Una marea che sale e che scende, questo il cuore dolce di Lucy.

Una donna che non smette di preoccuparsi e di occuparsi del prossimo, che non smette di immedesimarsi negli altri, chiedendosi in continuazione cosa ci sia nei loro cuori.

Una donna a cui non possiamo proprio smettere di voler bene.

Bentornata Lucy. Oh, Lucy…

Elizabeth Strout

“Lucy davanti al mare”

Recensione di Valerio Scarcia

Recensione 3

È senz’altro una caratteristica della scrittura di Elizabeth Strout, ma i suoi personaggi sembrano parlare ad ogni lettore personalmente. Lucy Barton non fa ovviamente eccezione. E anzi, specialmente in questo suo ultimo romanzo, il suo dialogo interiore corrisponde molto spesso ai processi mentali di chi legge.

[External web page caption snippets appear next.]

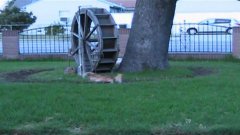 Energetic dogs play ring around the rosy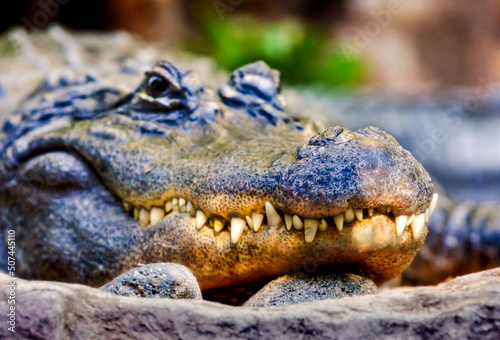 closeup of the head of a crocodile with its spectacular teeth and killer look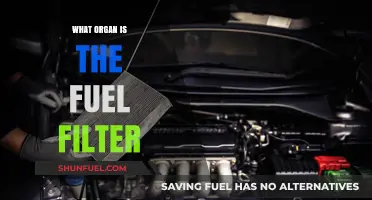 Fuel Filter: Which Organs Does It Affect?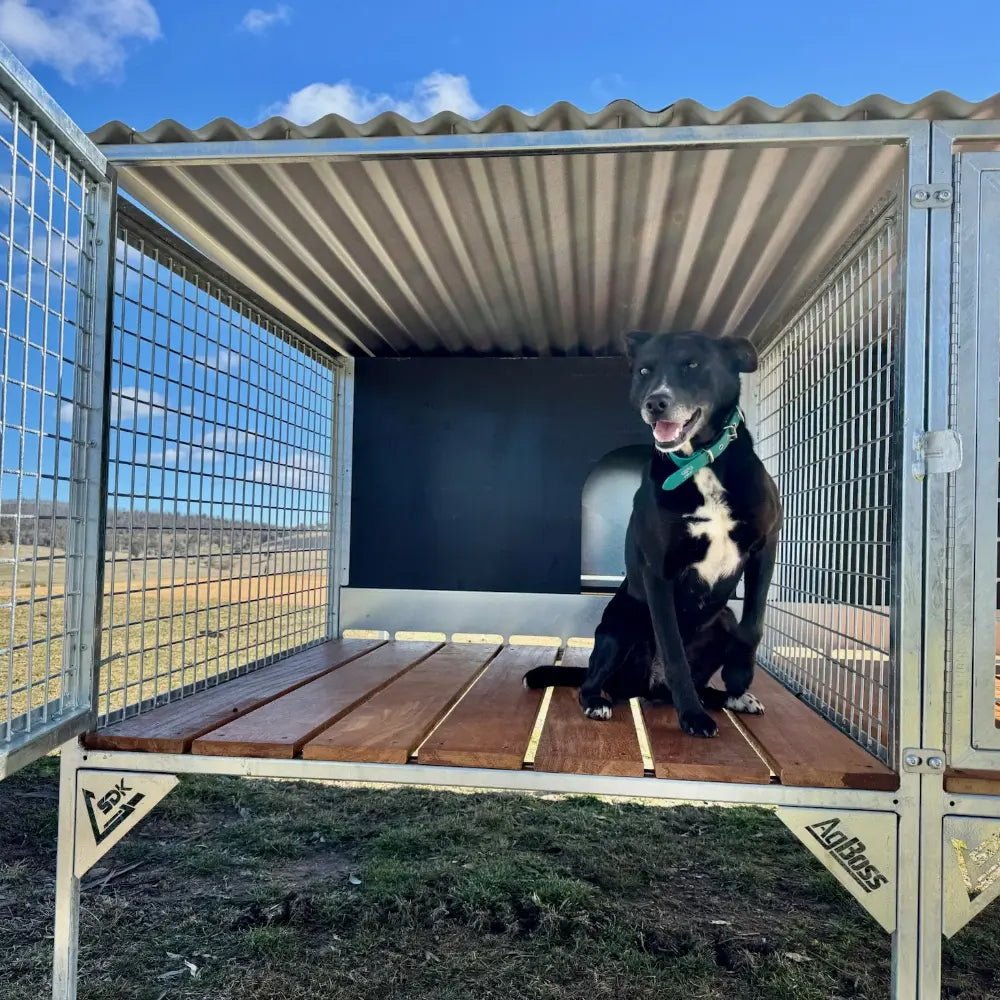 18521 - Animal Accessories - SDK Raised Dog Kennel - Portable Outdoor Steel Cage with Roof - Add On Bay - Austral Ag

Per chi ha già letto tutti i romanzi di Strout, leggere questo sarà come essere accolto a casa, visto che si è di fronte a vecchie conoscenze: Olive Kitteridge, William (ovviamente), Bob Burgess e la famiglia di Lucy. Il romanzo inizia nel 2020, con l’inizio dell pandemia e segue i tumultuosi anni che seguono. La narrazione di Lucy vaga da un argomento all’altro: la sua ritrovata vicinanza con William; la sua infedeltà quando erano sposati; problemi coniugali e di salute delle loro due figlie; la sua crescente amicizia con Bob Burgess; la ricomparsa a sorpresa della sorellastra di William, Lois; e ricordi dell’infanzia povera di Lucy, dei rapporti difficili con i suoi genitori e delle continue difficoltà con sua sorella Vicky.

E’ il romanzo più contemporaneo di Strout. È scritto magnificamente, pieno di descrizioni chiare e semplici. E forse è un promemoria della scrittrice per tutti noi: eravamo lì insieme e siamo sopravvissuti. Non tutti lo hanno fatto. Ma Lucy Barton lo ha fatto. E di questo possiamo – e dobbiamo – essere grati.